INPUT DATA:
▬▬▬▬▬▬

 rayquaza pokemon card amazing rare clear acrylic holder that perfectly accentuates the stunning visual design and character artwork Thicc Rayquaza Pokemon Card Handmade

▬▬▬▬▬▬

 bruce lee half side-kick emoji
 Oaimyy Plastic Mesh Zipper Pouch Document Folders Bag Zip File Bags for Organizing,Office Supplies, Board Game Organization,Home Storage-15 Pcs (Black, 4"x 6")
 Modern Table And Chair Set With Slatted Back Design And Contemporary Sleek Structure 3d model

▬▬▬▬▬▬

EXERCISE OBJECTIVE:
Starting with the line that holds "Oaimyy Plastic Mesh" and ending with the line that holds "Modern Table And", retype every line in the data above exactly, and nothing else.

RESPONSE AREA:
 Oaimyy Plastic Mesh Zipper Pouch Document Folders Bag Zip File Bags for Organizing,Office Supplies, Board Game Organization,Home Storage-15 Pcs (Black, 4"x 6")
 Modern Table And Chair Set With Slatted Back Design And Contemporary Sleek Structure 3d model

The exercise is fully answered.